#### Records for the exercise

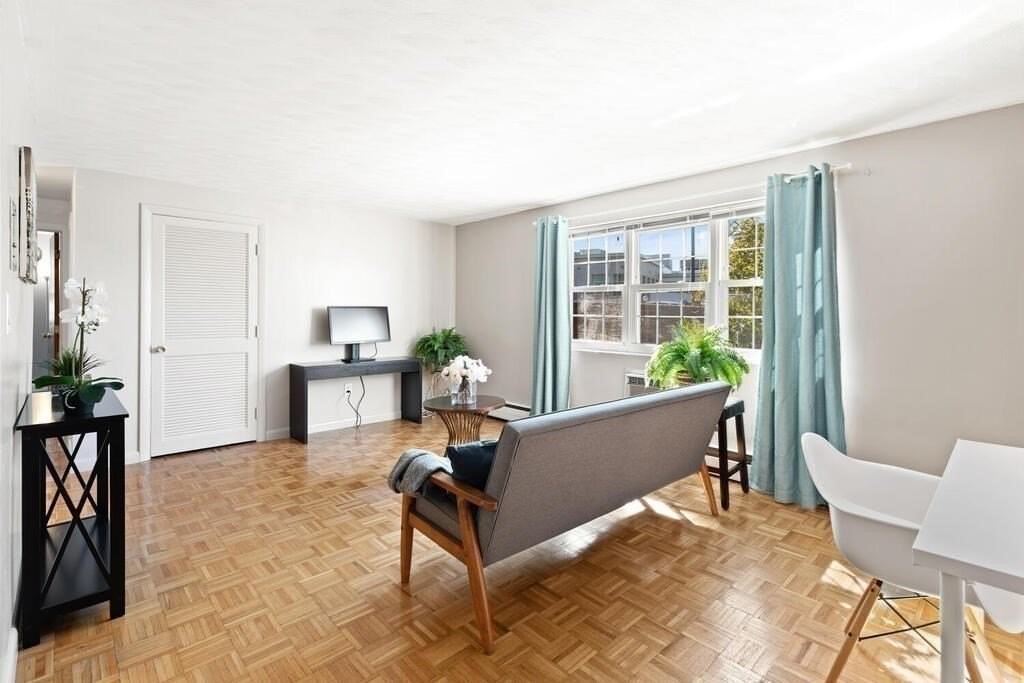 59 Bynner St - Photo 4 of 15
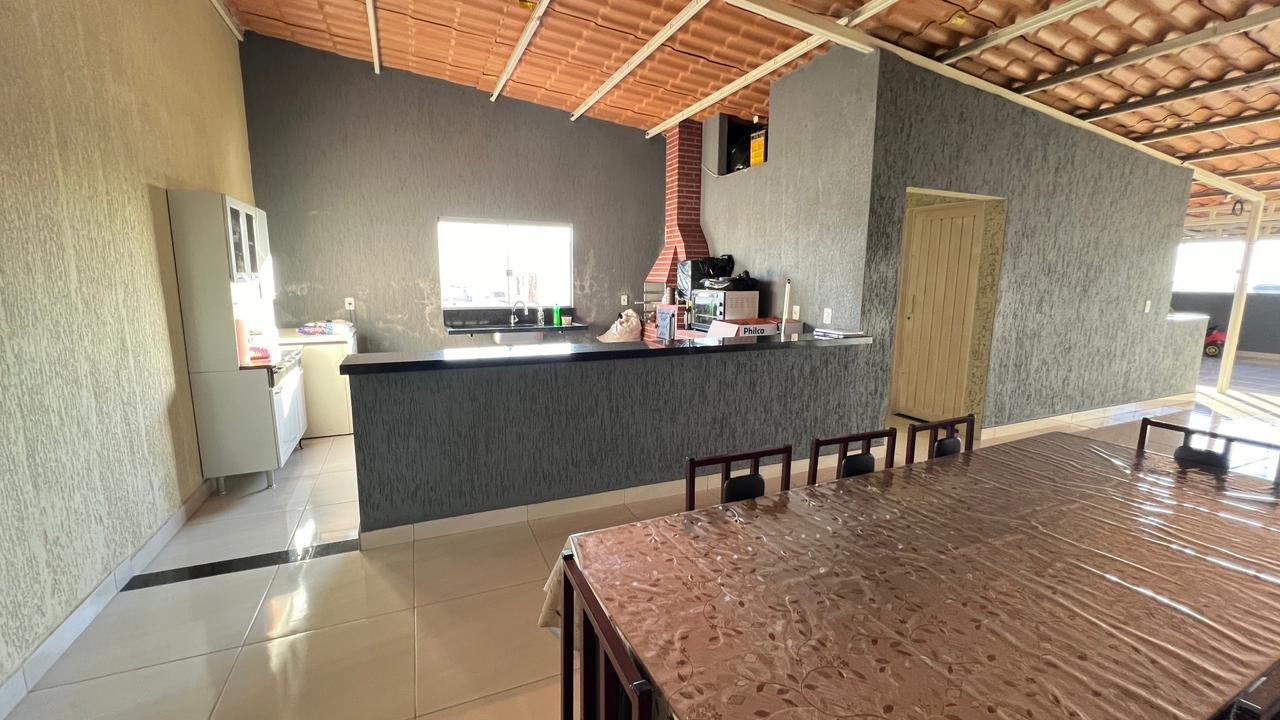 QR 213 Samambaia Norte Sobrado 4 Quartos 1 Suíte 2 Vagas 378,75m² Varanda
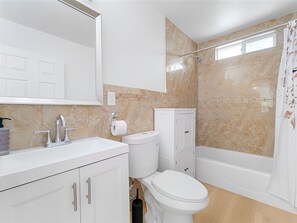 Bathroom - Modern house 7 miles from Disneyland in Orange County-Santa Ana (Santa Ana)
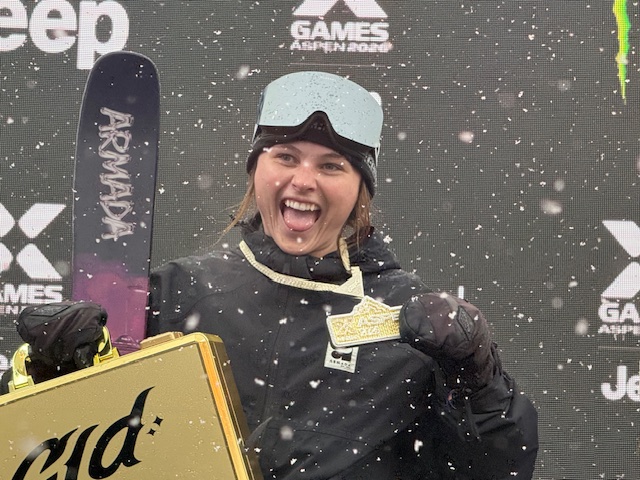 The future is female: Brookes, Hamill dominate slopestyle, knuckle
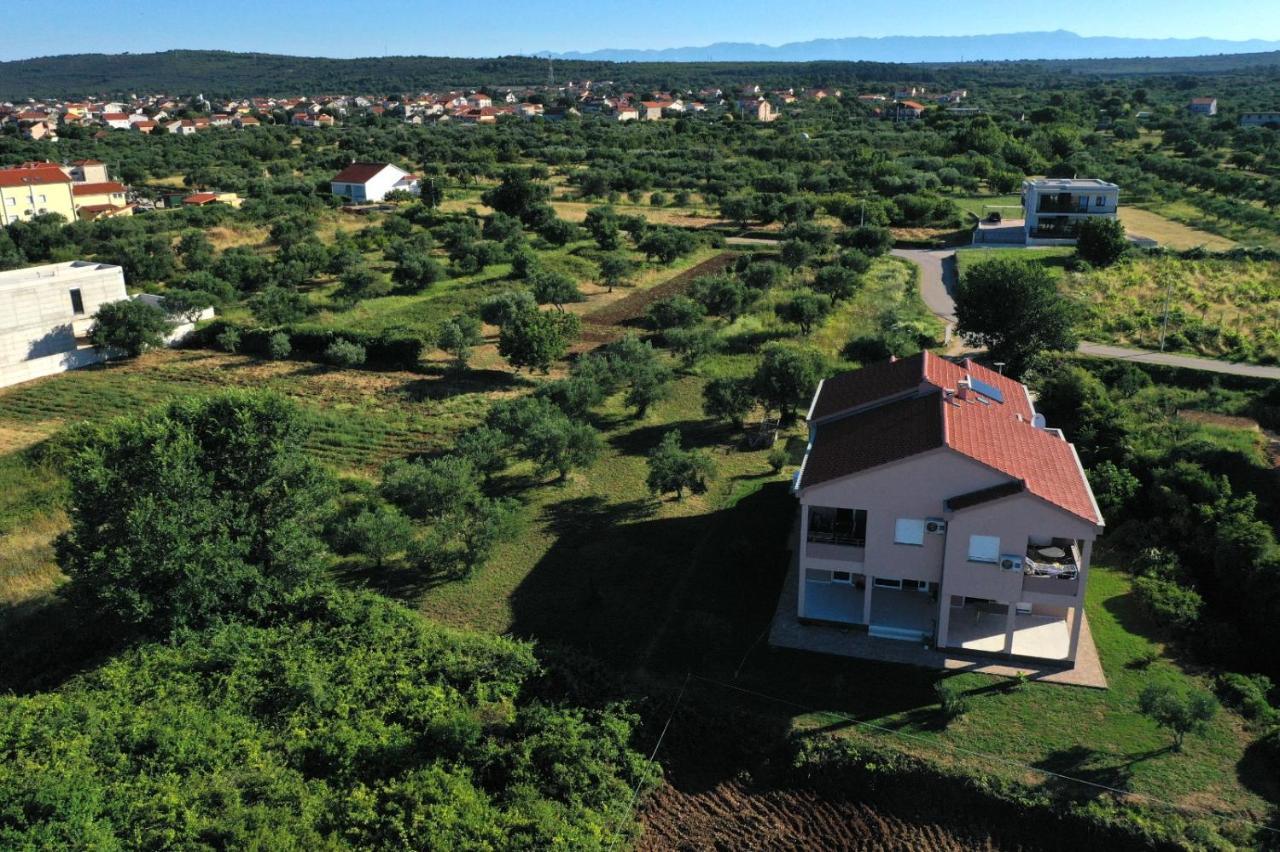 Apartments Borna Сукошан Экстерьер фото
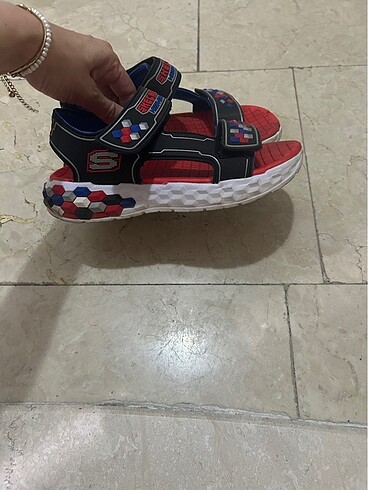 35 Beden Skechers sandalet 35 numara yurtdışından geldi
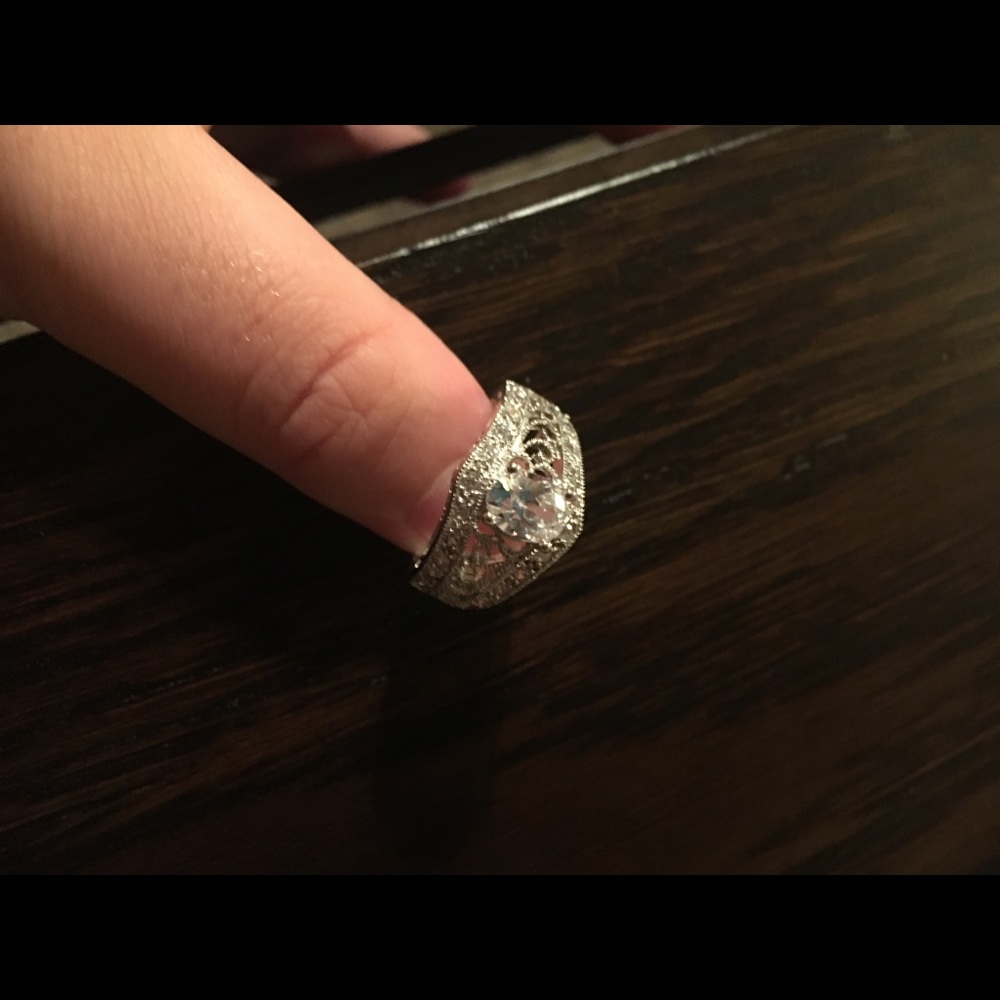 Ring - Picture 4 of 4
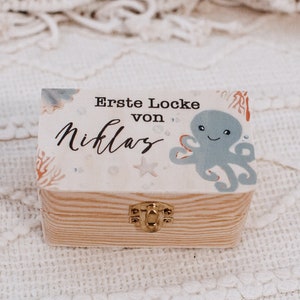 Curl tin, tin first curl, hair tin, first curl, umbilical cord storage, wooden tin first curl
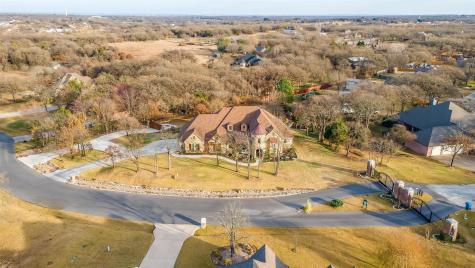 3615 Winding Oak Lane N Burleson TX 76028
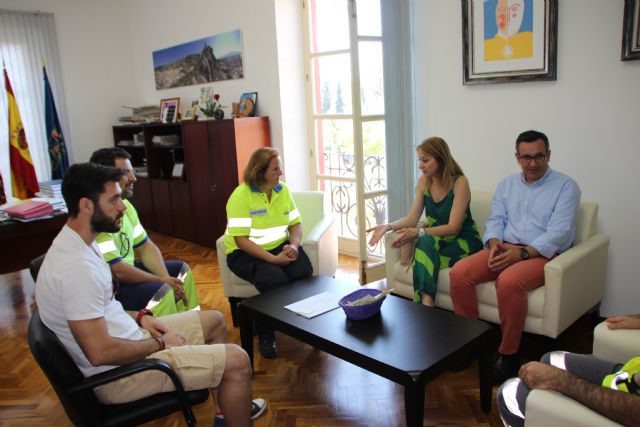 La concejala de Sanidad informa a la nueva coordinadora de urgencias de las necesidades de ubicacin del servicio, Foto 2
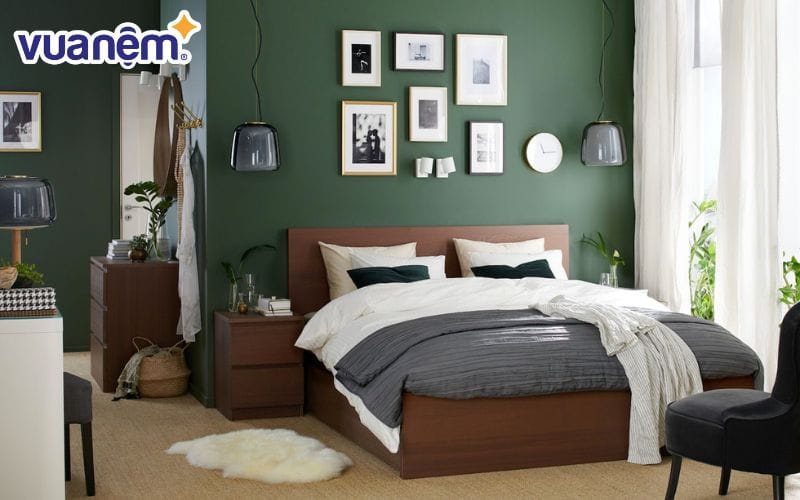 Giường ngủ gỗ tràm đơn giản với tông màu trầm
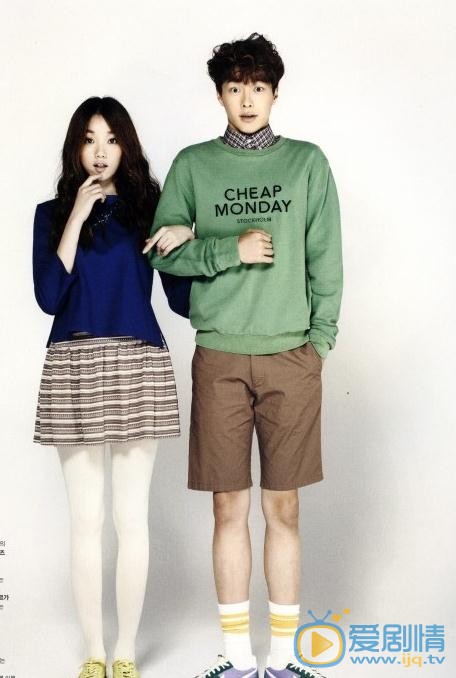 李圣经杂志照 李圣经高清写真_李圣经高清剧照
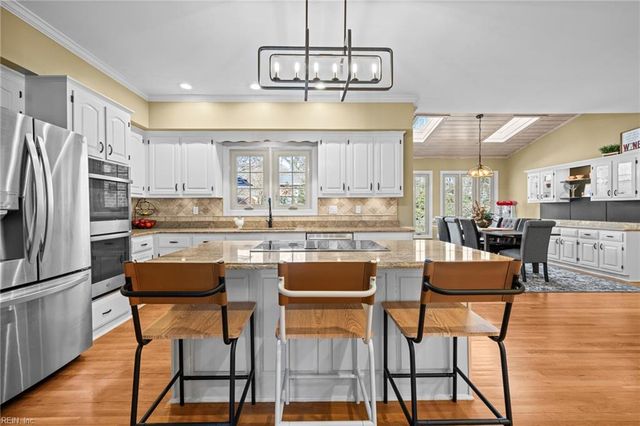 3232 Stapleford CHSE, Virginia Beach, VA 23452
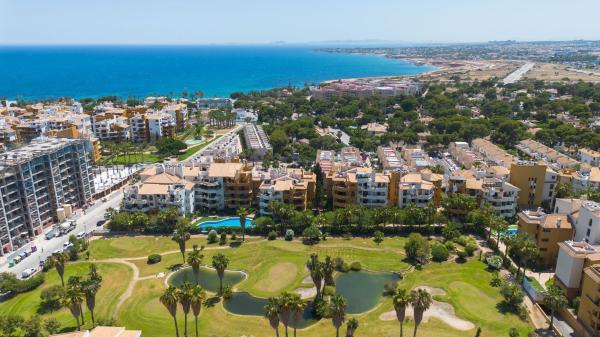 Sale of flat in Piso en Calle Mar Gruesa, Punta Prima, Torrevieja, Torrevieja
photo 1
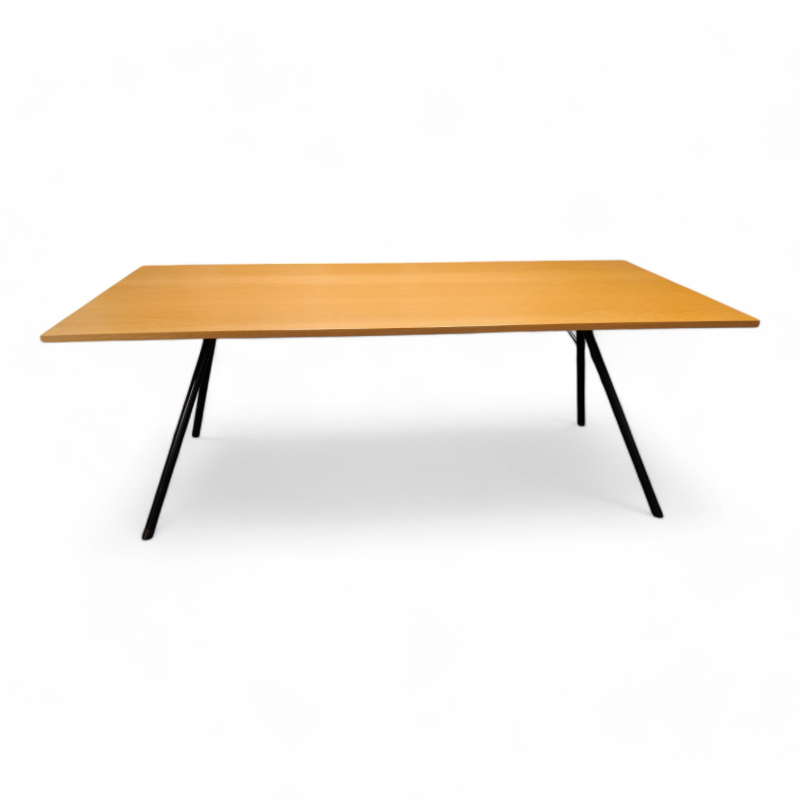 Møtebord fra Lammhults i eikefiner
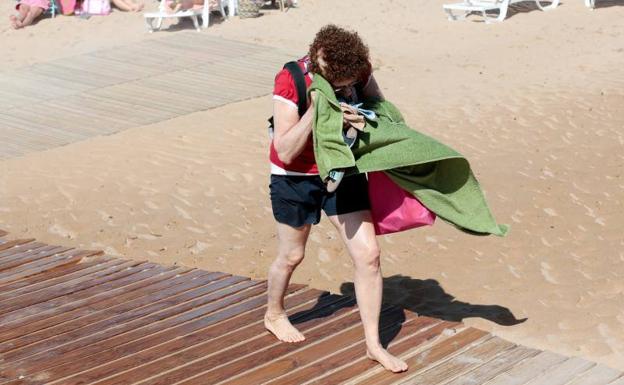 El fuerte viento vacía la playa de Poniente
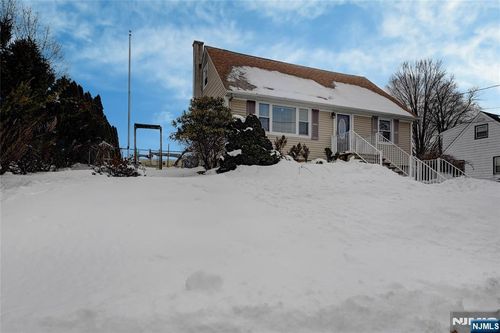 19 Ogden Ter, Butler, NJ, 07405-1131 | Card Image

########

§ **What the task asks**: From the first line above down to the line with "李圣经杂志照 李圣经高清写真_李圣经高清剧照", reproduce every line and no others, omitting pictures.

§ **Answer to this task**:
 59 Bynner St - Photo 4 of 15
 QR 213 Samambaia Norte Sobrado 4 Quartos 1 Suíte 2 Vagas 378,75m² Varanda
 Bathroom - Modern house 7 miles from Disneyland in Orange County-Santa Ana (Santa Ana)
 The future is female: Brookes, Hamill dominate slopestyle, knuckle
 Apartments Borna Сукошан Экстерьер фото
 35 Beden Skechers sandalet 35 numara yurtdışından geldi
 Ring - Picture 4 of 4
 Curl tin, tin first curl, hair tin, first curl, umbilical cord storage, wooden tin first curl
 3615 Winding Oak Lane N Burleson TX 76028
 La concejala de Sanidad informa a la nueva coordinadora de urgencias de las necesidades de ubicacin del servicio, Foto 2
 Giường ngủ gỗ tràm đơn giản với tông màu trầm
 李圣经杂志照 李圣经高清写真_李圣经高清剧照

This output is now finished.